BEGIN

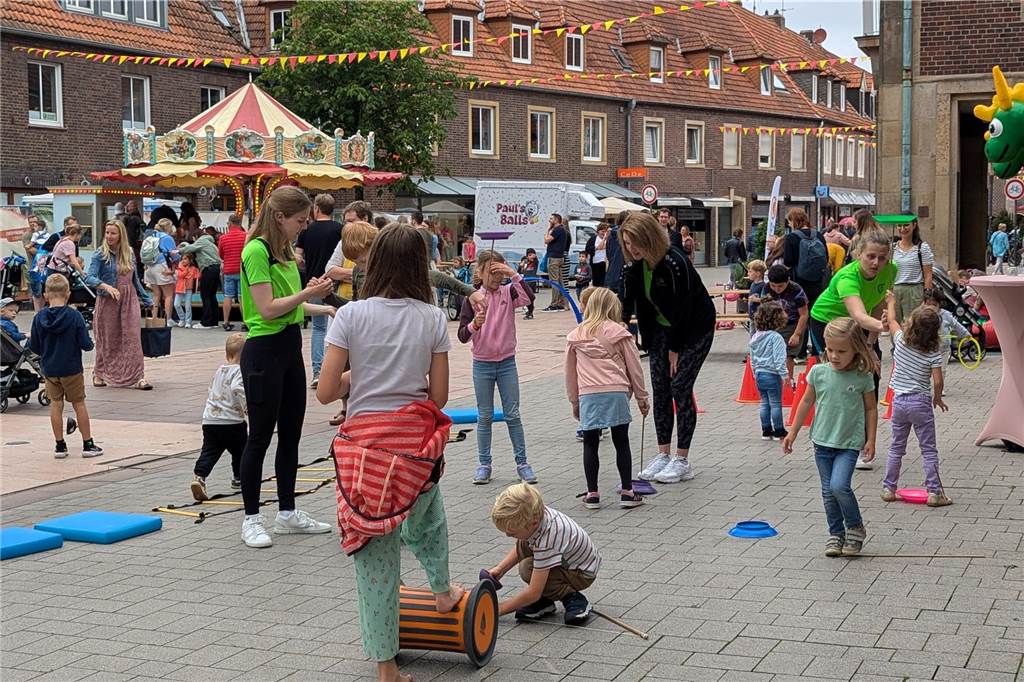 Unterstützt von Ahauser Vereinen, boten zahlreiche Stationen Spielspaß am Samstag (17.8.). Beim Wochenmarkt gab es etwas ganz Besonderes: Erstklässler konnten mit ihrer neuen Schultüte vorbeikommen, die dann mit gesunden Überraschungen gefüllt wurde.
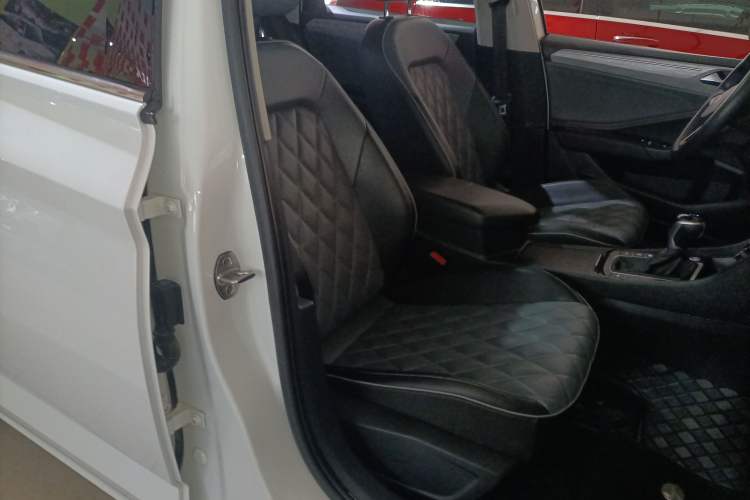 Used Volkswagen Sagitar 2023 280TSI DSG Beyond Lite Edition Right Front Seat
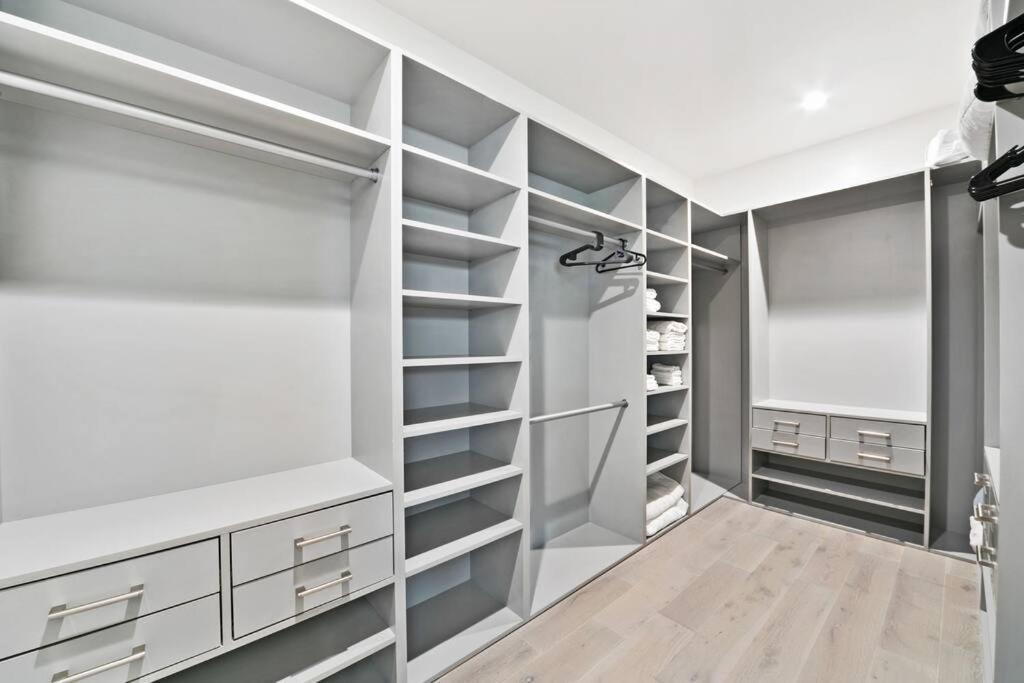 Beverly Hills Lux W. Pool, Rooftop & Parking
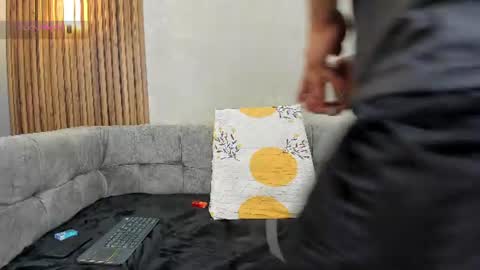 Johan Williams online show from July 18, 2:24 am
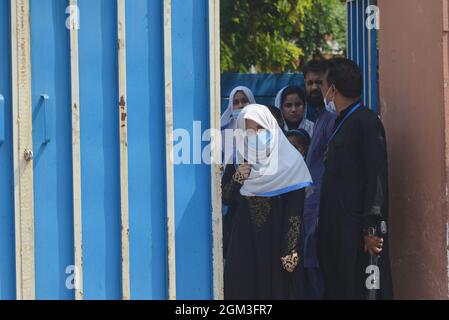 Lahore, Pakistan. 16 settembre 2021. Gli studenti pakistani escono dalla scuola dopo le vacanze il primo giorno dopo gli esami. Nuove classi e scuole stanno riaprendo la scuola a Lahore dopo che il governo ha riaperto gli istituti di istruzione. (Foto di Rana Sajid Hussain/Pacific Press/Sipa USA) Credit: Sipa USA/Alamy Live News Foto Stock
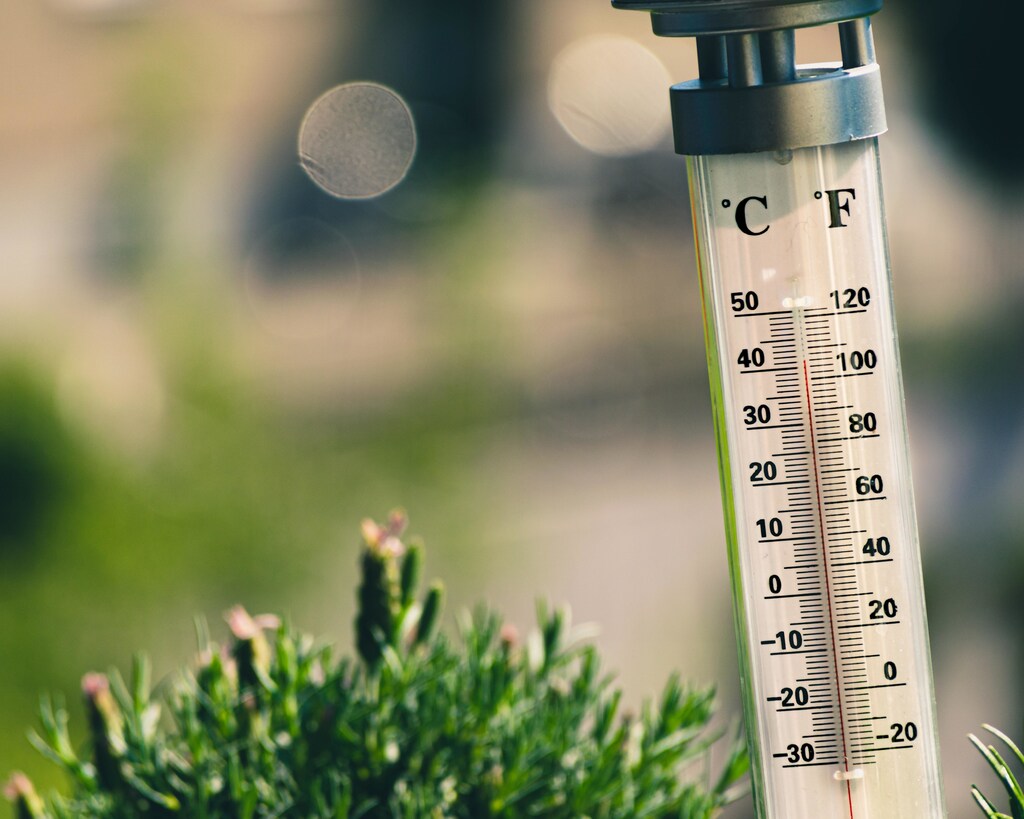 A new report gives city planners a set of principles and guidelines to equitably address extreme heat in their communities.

END
BEGIN

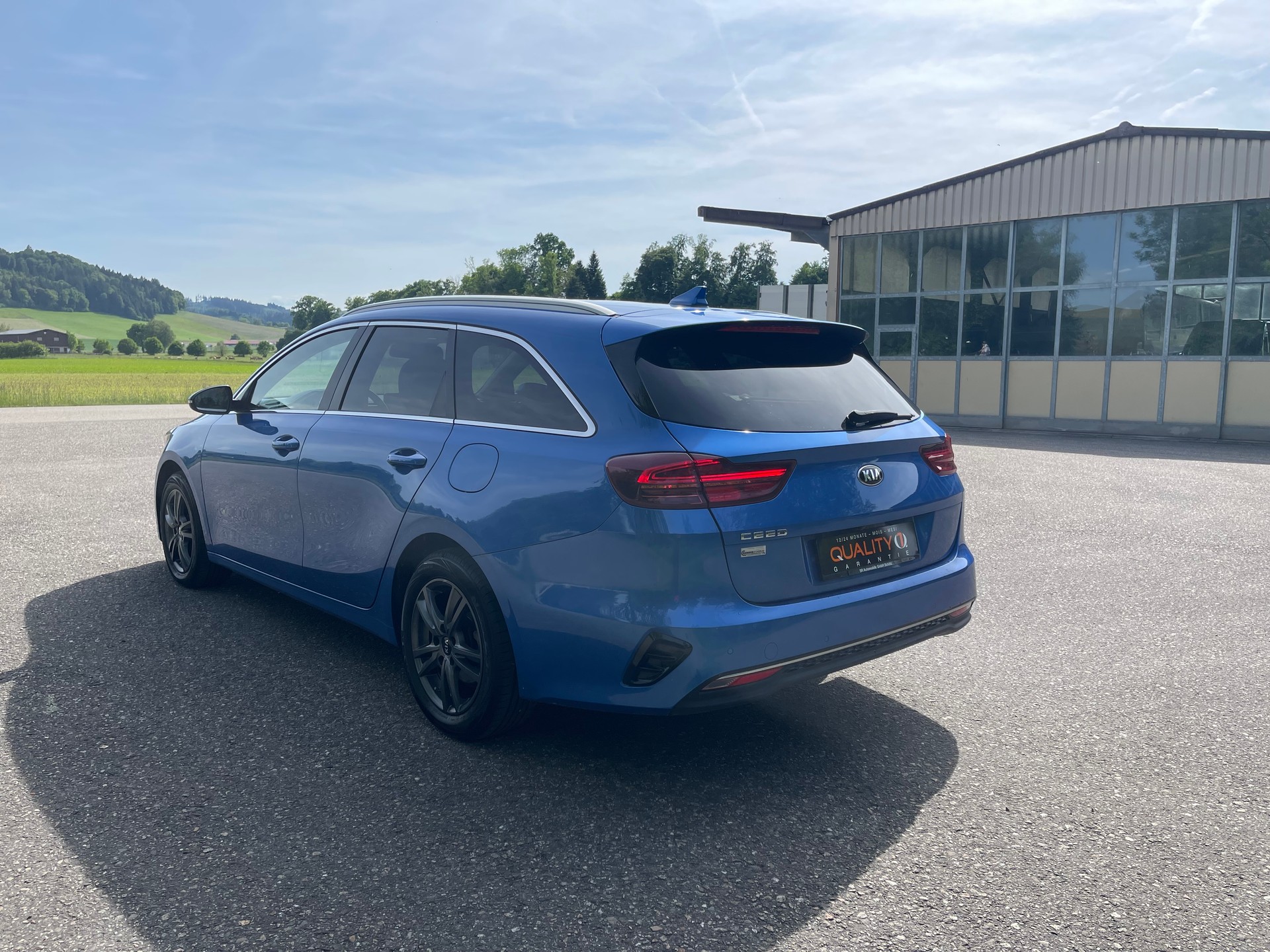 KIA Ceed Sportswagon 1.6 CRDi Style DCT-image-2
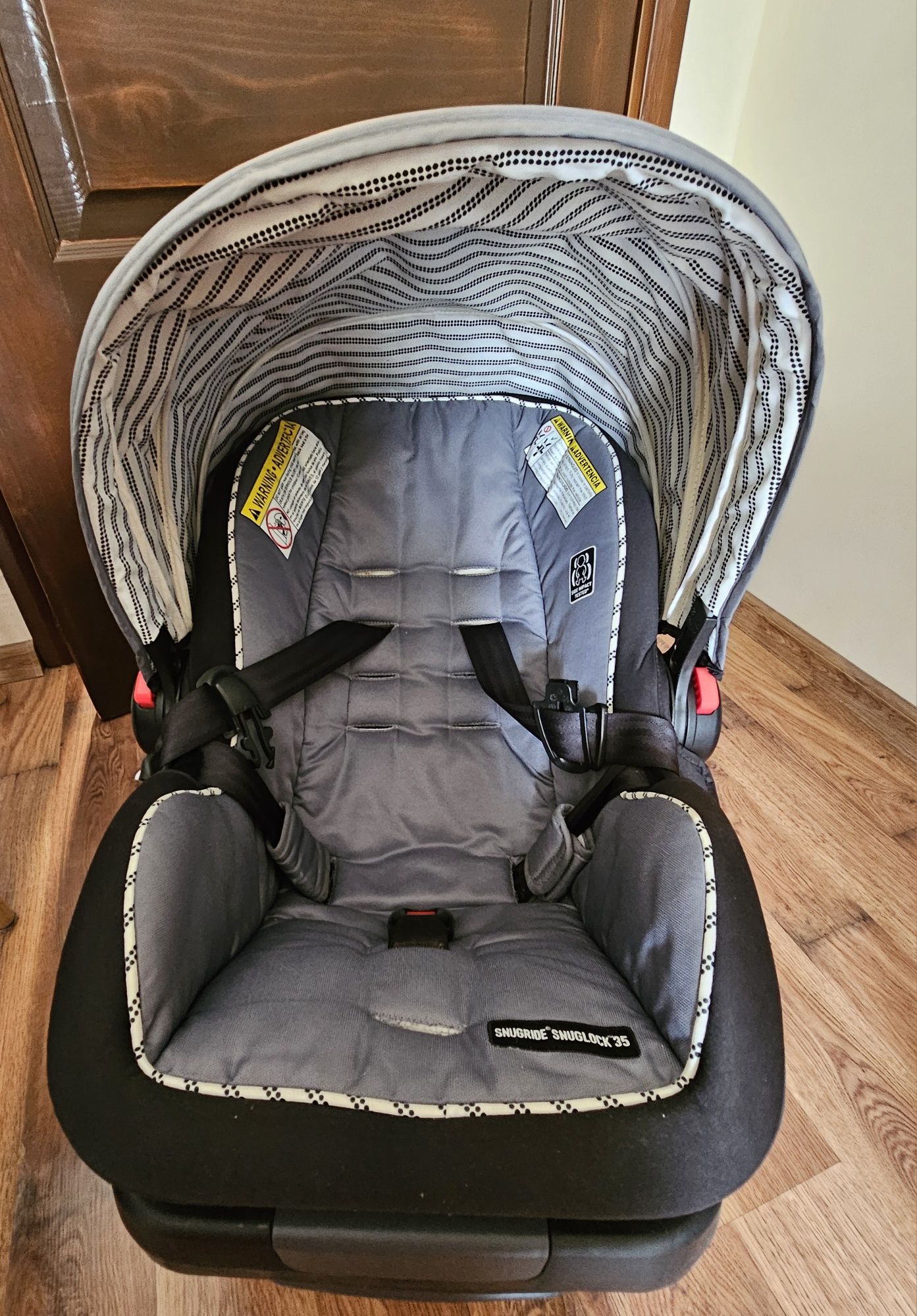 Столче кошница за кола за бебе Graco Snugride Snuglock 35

END

■ **TASK DIRECTIONS**
Each line above from the one containing "Used Volkswagen Sagitar" through the one containing "Lahore, Pakistan. 16" is to be returned verbatim. Nothing else, and no pictures.

■ **RESULT OF THE EXERCISE**
 Used Volkswagen Sagitar 2023 280TSI DSG Beyond Lite Edition Right Front Seat
 Beverly Hills Lux W. Pool, Rooftop & Parking
 Johan Williams online show from July 18, 2:24 am
 Lahore, Pakistan. 16 settembre 2021. Gli studenti pakistani escono dalla scuola dopo le vacanze il primo giorno dopo gli esami. Nuove classi e scuole stanno riaprendo la scuola a Lahore dopo che il governo ha riaperto gli istituti di istruzione. (Foto di Rana Sajid Hussain/Pacific Press/Sipa USA) Credit: Sipa USA/Alamy Live News Foto Stock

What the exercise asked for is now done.